The case for stability

BitcoinCash is currently having a yearly protocol upgrade, it used to be a bi-yearly one in order to catch up after the BTC enforced no-upgrades for too long.

The advances made were amazing, but they did have a cost.
First, we lost most of our full node implementations. The JavaScript ‘bcash’, the ‘bchd’ and the ‘flowee’ ones no longer are in consensus.
More important is the building-on-top-of-bitcoincash situation, as that is literally our stated plan to conquer the world. Adoption through apps, wallets and other such opportunities.

Most of us have probably at least watched the builders get burned after the SLP and sbch projects being scuttled, and only a small number (in comparison) is now building on cashtokens.
If you have been around as long as I have, you’ll be able to remember quite a lot of places that similarly tried and left. Bigger companies probably won’t even try to build on a chain that changes every year.

If you want to counter this with facts, stating it is not that bad, you might make a case and I won’t be trying to prove you wrong. But the point isn’t really facts, the point is that our chain has taken a serious popularity hit and most people, including contributors here, have a very negative opinion about stability.
One just has to look at a recent reddit topic where someone detects an inconsistency on blockchair. The issue turned out to be a bug on the side of blockchair, all the facts were available to realize it had nothing to do with the May upgrade. (900 blocks is a week, May is much longer ago). Yet, the vast majority of people instantly jumped to the conclusion it must have been due to the May upgrade. Reddit thread.

Any honest long term bcasher will likely remember more such situations. BitcoinCash does not do well in the public opinions when it comes to being stable to build on.

Why is this important?

The BitcoinCash I love is one that I see grow in usage, where more people can see themselves use it as actual money for normal daily things.

In order to get there we need to have a LOT more infrastructure. Payment processors like bitpay and gocrypto are awesome to accept BitcoinCash already but nobody will mind if they get competition which also accepts BCH.

Direct payments are not the only thing, by far. Daily finance touches an immense number of applications and the companies that build them need to extend such applications for BitcoinCash. The dividend payments idea (from Jason) based on CashTokens to be used by companies will have to be written by someone, and integrated into said company infrastructure by someone else.

One suggestion

The upcoming blocksize algorithm feature is nearly done in BCNH, it has been thought we should do that as a May 15th protocol upgrade.

I have nothing against that in principle, it is a sleek way of doing so. Let that happen. Really, don’t need to change anything there at all.

What we can do is consider our way of advertising this to the wider public. If we don’t say anything it will be seen as our traditional breaking-change May upgrade.

On the other hand the people (bca/bchn) that push this change can choose to instead make it clear that people can build, run the latest BCHN and be carefree about any breaking changes until at least May 2025.
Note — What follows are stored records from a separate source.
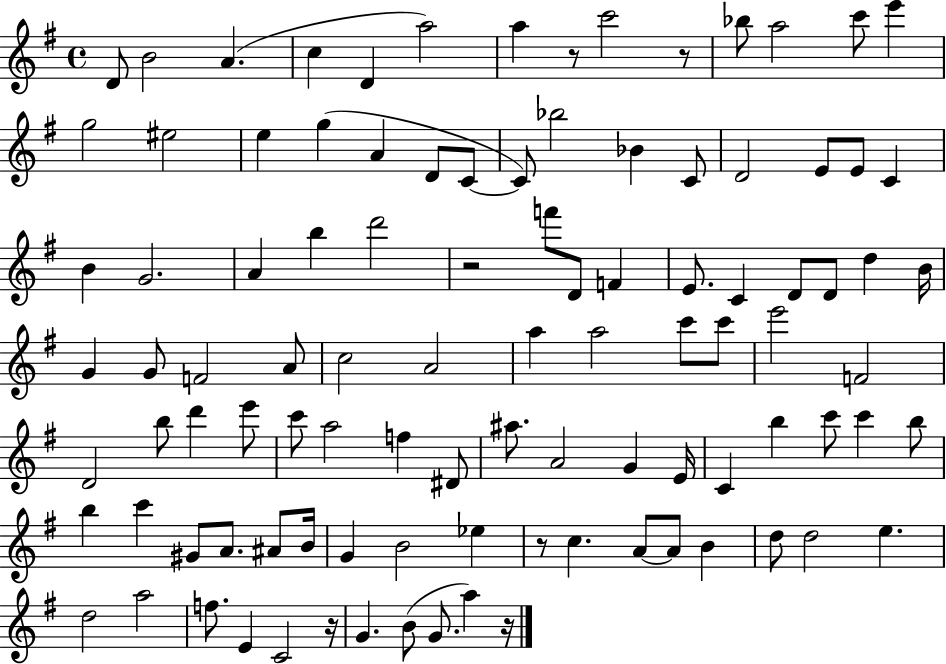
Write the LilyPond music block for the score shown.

{
  \clef treble
  \time 4/4
  \defaultTimeSignature
  \key g \major
  d'8 b'2 a'4.( | c''4 d'4 a''2) | a''4 r8 c'''2 r8 | bes''8 a''2 c'''8 e'''4 | \break g''2 eis''2 | e''4 g''4( a'4 d'8 c'8~~ | c'8) bes''2 bes'4 c'8 | d'2 e'8 e'8 c'4 | \break b'4 g'2. | a'4 b''4 d'''2 | r2 f'''8 d'8 f'4 | e'8. c'4 d'8 d'8 d''4 b'16 | \break g'4 g'8 f'2 a'8 | c''2 a'2 | a''4 a''2 c'''8 c'''8 | e'''2 f'2 | \break d'2 b''8 d'''4 e'''8 | c'''8 a''2 f''4 dis'8 | ais''8. a'2 g'4 e'16 | c'4 b''4 c'''8 c'''4 b''8 | \break b''4 c'''4 gis'8 a'8. ais'8 b'16 | g'4 b'2 ees''4 | r8 c''4. a'8~~ a'8 b'4 | d''8 d''2 e''4. | \break d''2 a''2 | f''8. e'4 c'2 r16 | g'4. b'8( g'8. a''4) r16 | \bar "|."
}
Some things actually are possible to build in 18 months, so it feels like a good opportunity to take and attract more people that way.

3 Likes

On Telegram some people correctly pointed out that whatever we do to address the points in my post, it should NOT take away from the very important message that we are final and absolutely leaving behind any lock-in problems with regards to blocksize.

So the idea here is to keep both lines in mind and make both important messages come through. They need not be mutually exclusive.
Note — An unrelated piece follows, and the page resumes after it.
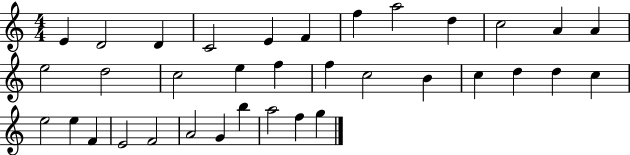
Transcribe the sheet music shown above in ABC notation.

Thank everyone for considering!

:point_up_2: this, plus the fact that the last Bitcoin hackathon was nearly 3yrs ago, smh :sob:

imo, a blockchain that doesn’t take advantage of a “bear market” to focus on #BUIDLing, has simply grown complacent with being “good enough” and will likely remain stationary (while some continue to advance and others fall by the wayside)

also imo, the Bitcoin Cash “Community” does an excellent job of building & shipping great technology, however, falls very short on delivery “actual value” to end-users…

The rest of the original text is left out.